### Your instructions
Take nothing but the lines from the one with "neoclassical home with" through the one with "roman 1st century oil lamp with erotic scene" in the entries below, both ends kept, and return them exactly with pictures left out.

(Given data)

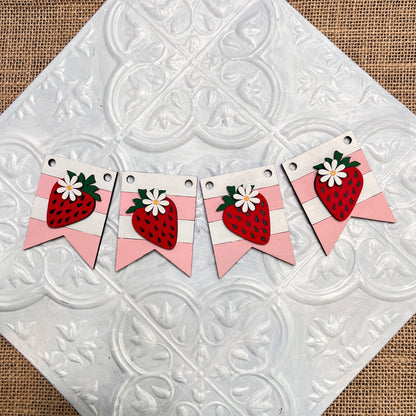 Janet's Craft Corner Tiered Tray Garlands feature four banners with pink stripes and red strawberries topped with white flowers, arranged in a row on a white embossed tile background over burlap.
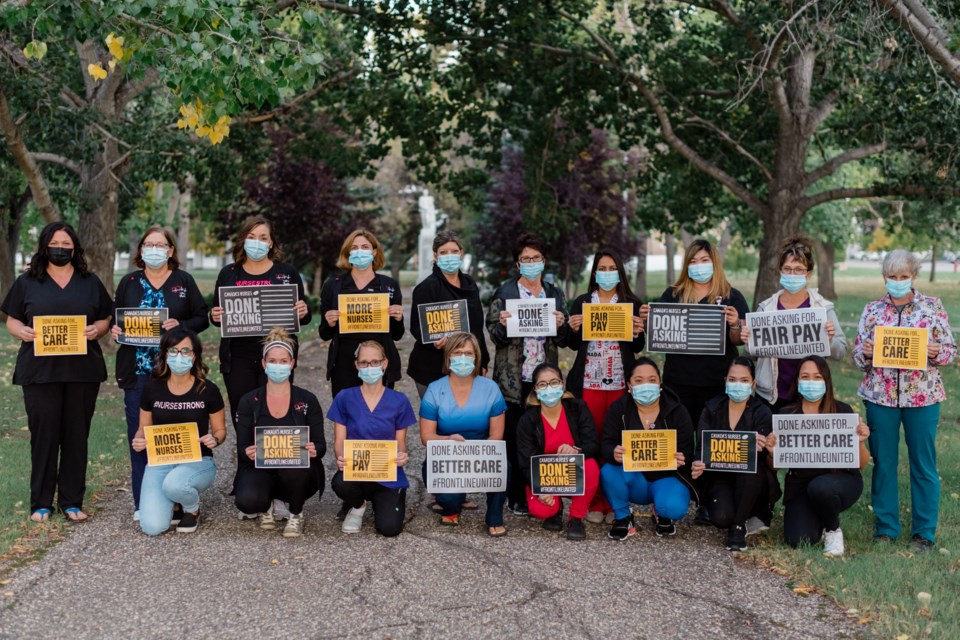 Unity nurses and supportive health care workers stand in solidarity for change.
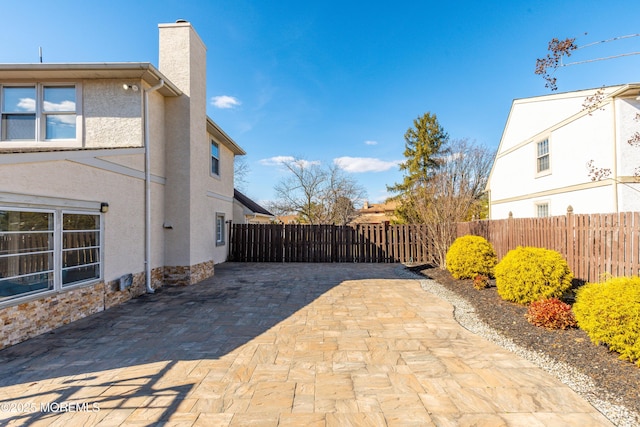 view of property exterior with a chimney, a patio area, fence, and stucco siding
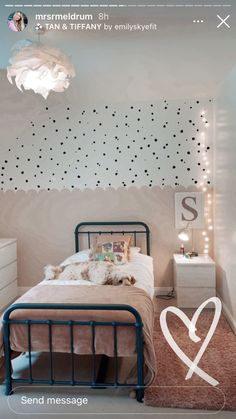 a bed room with a neatly made bed and a heart on the wall above it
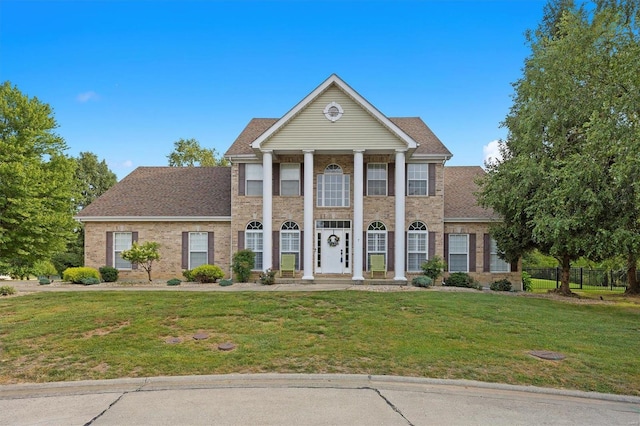 neoclassical home with a front lawn, a shingled roof, and brick siding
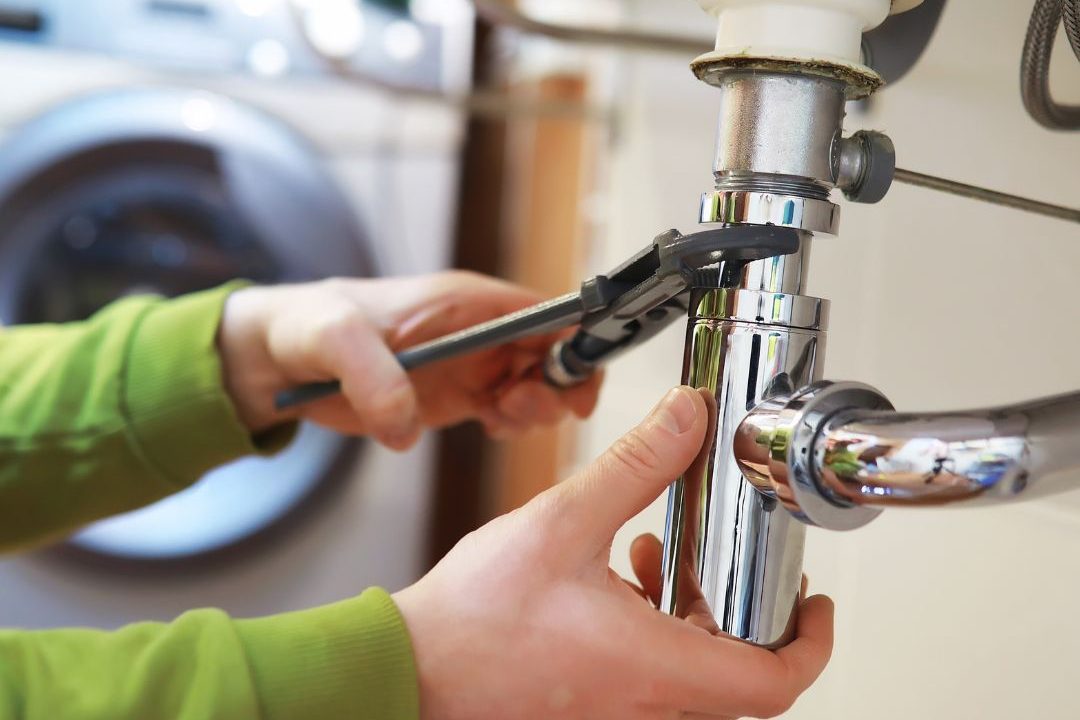 Manos de una persona ajustando una tubería bajo un lavabo con una llave inglesa.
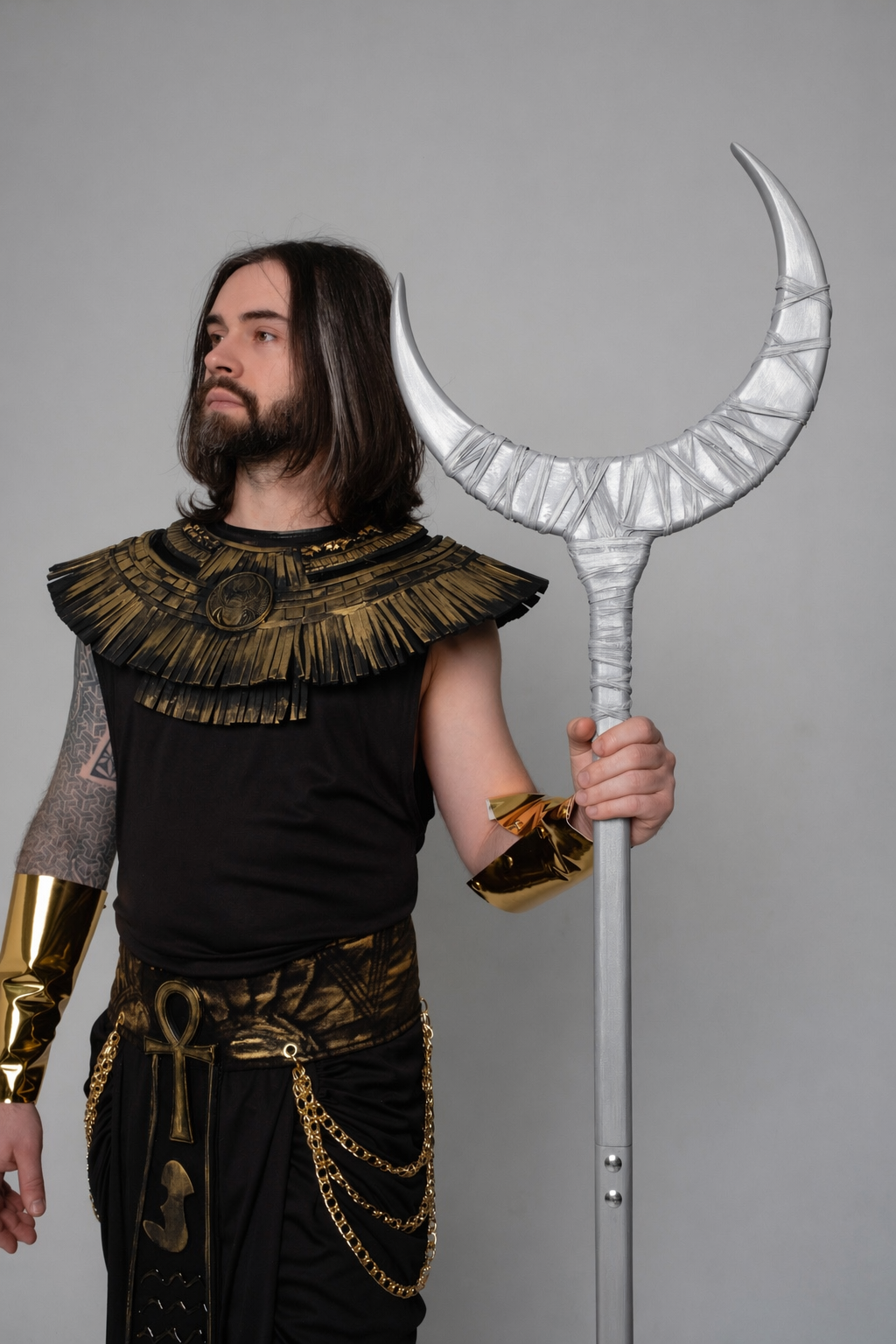 Person in elaborate costume holding a large silver weapon against a gray background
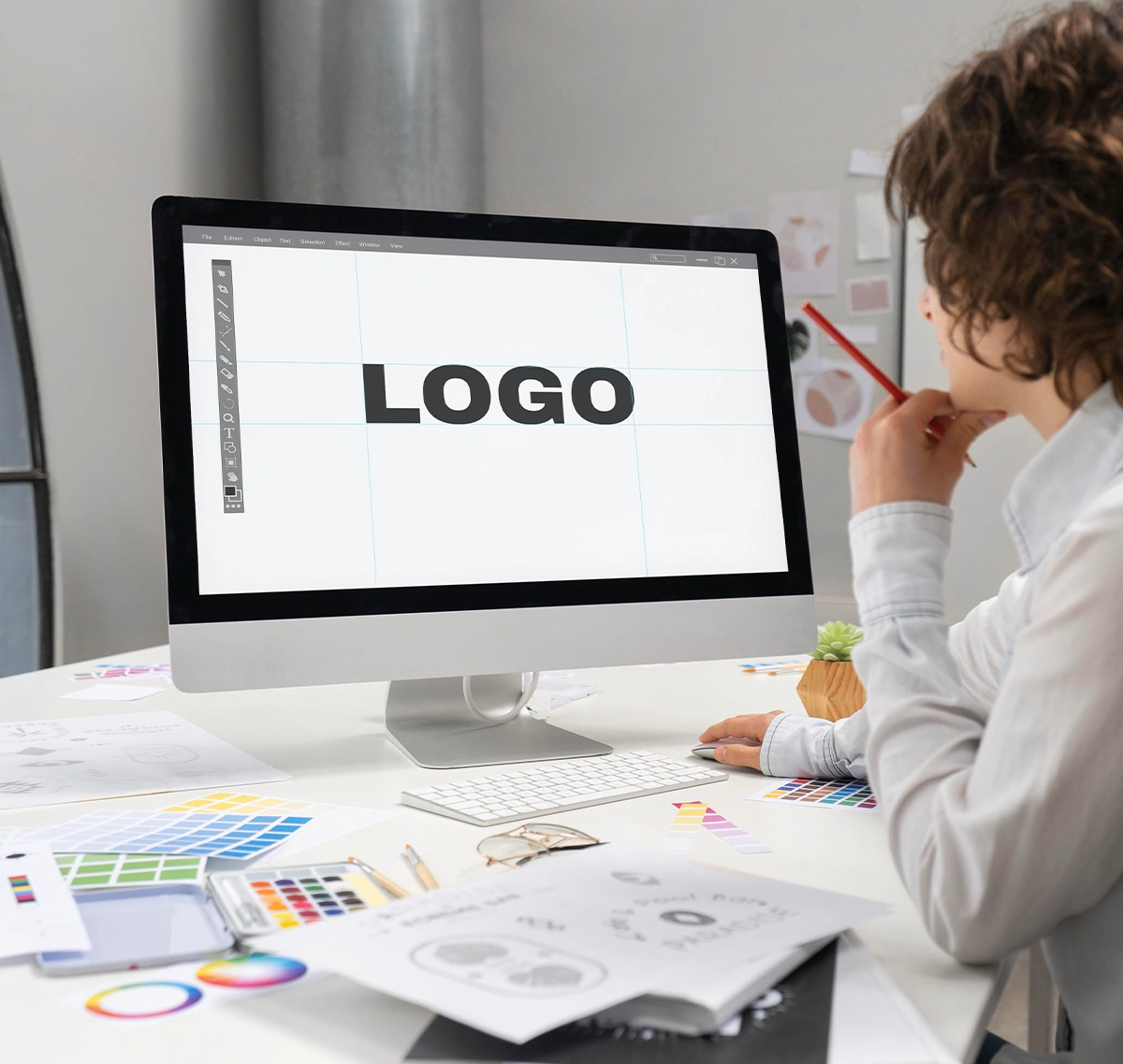 logo designer working computer desktop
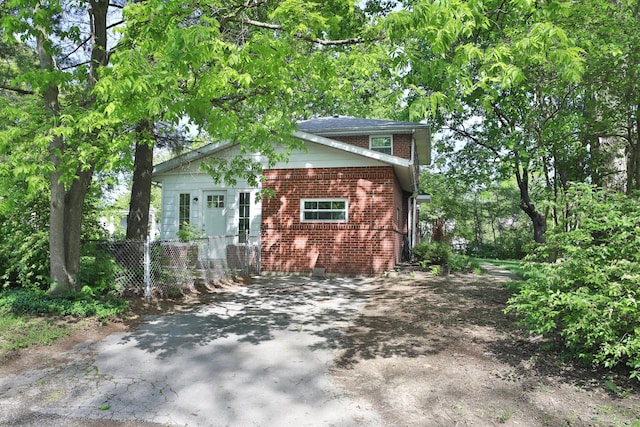2938 Sherwood Rd, Columbus, OH 43209 - view of front of house featuring brick siding, fence, and asphalt driveway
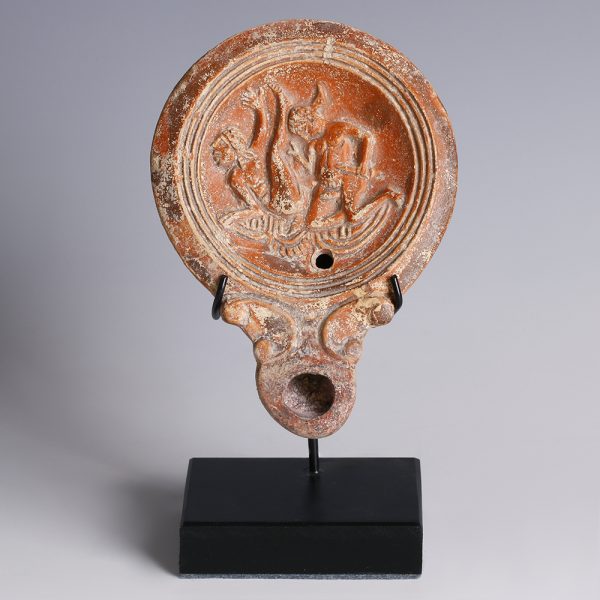 roman 1st century oil lamp with erotic scene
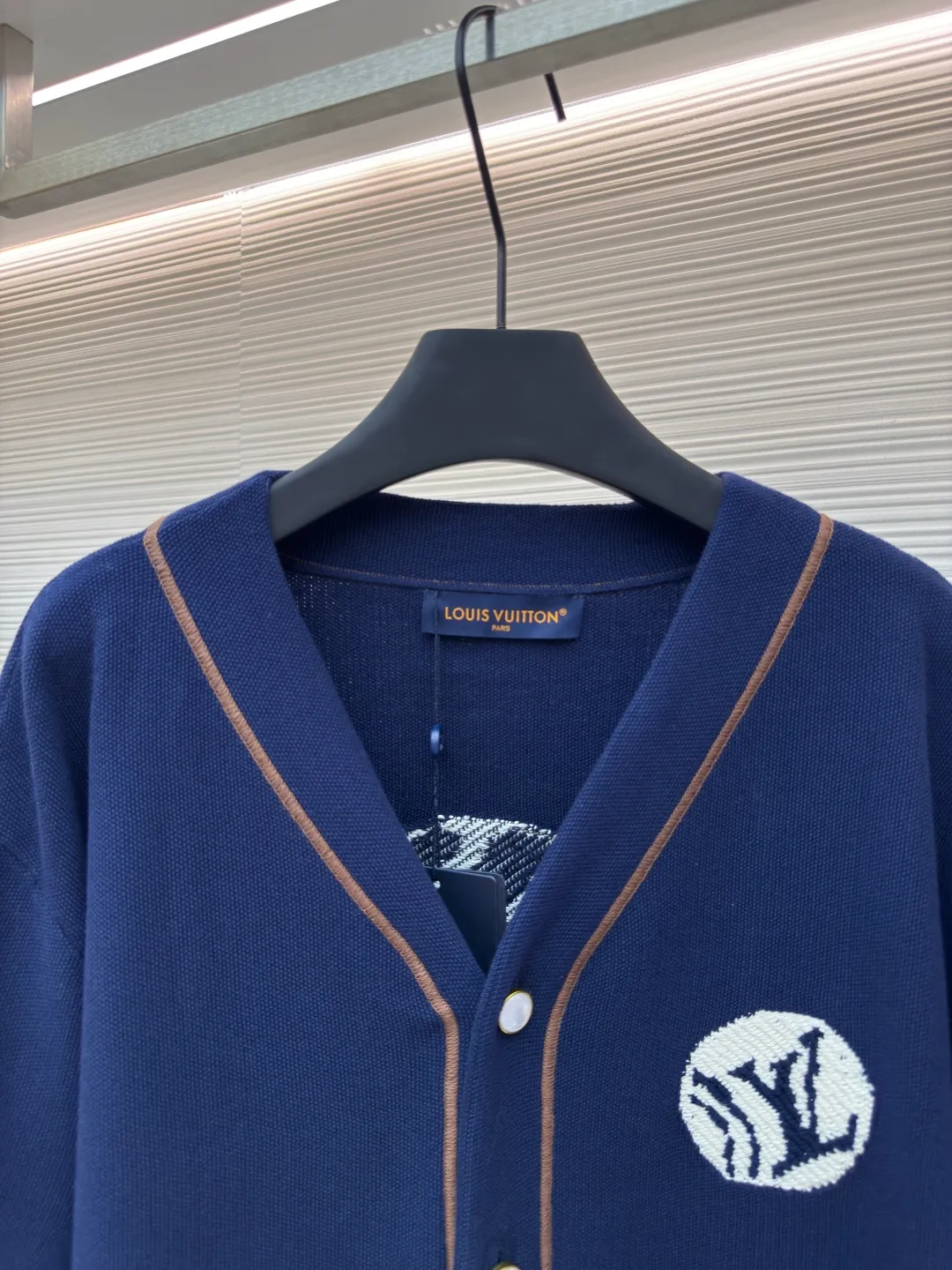 LOUIS VUITTON baseball knitted short-sleeved shirt ●Authentic product: Purchased and developed for 15999 ●Item number: 1680120-B65 ●Fabric: Customized cotton fabric ●Technology: Knitted production ●Version: loose fit ●Weight: about 530 grams ●Size: S-M-L-XL ●Description: Purchased YB pattern making, using imported custom-made cotton fabrics. The knitted texture is fine, uniform and high-end, and has good skin-friendliness; the white logo embroidery stitches before and after the embroidery are delicate; the embroidery threads are closely arranged, and the edges are smooth and regular. The three-dimensional effect is outstanding and increases brand recognition; the buttons are made of pearl material with a warm luster. The button hole position is manually positioned and opens and closes smoothly; the 1854 label in the lower left corner is neatly cut and has fine stitching; the label and the main body of the clothing are sewn firmly and evenly, which not only highlights the brand's historical heritage, but also becomes the finishing touch in the overall design! The overall routing is straight and delicate, the fabric is comfortable and soft, and the color is consistent without color difference. It can be matched with the same style to create a fashionable look and control various occasions. Customized accessories, complete three labels, the same style for men and women!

(End Given data)

### Written response
 neoclassical home with a front lawn, a shingled roof, and brick siding
 Manos de una persona ajustando una tubería bajo un lavabo con una llave inglesa.
 Person in elaborate costume holding a large silver weapon against a gray background
 logo designer working computer desktop
2938 Sherwood Rd, Columbus, OH 43209 - view of front of house featuring brick siding, fence, and asphalt driveway
 roman 1st century oil lamp with erotic scene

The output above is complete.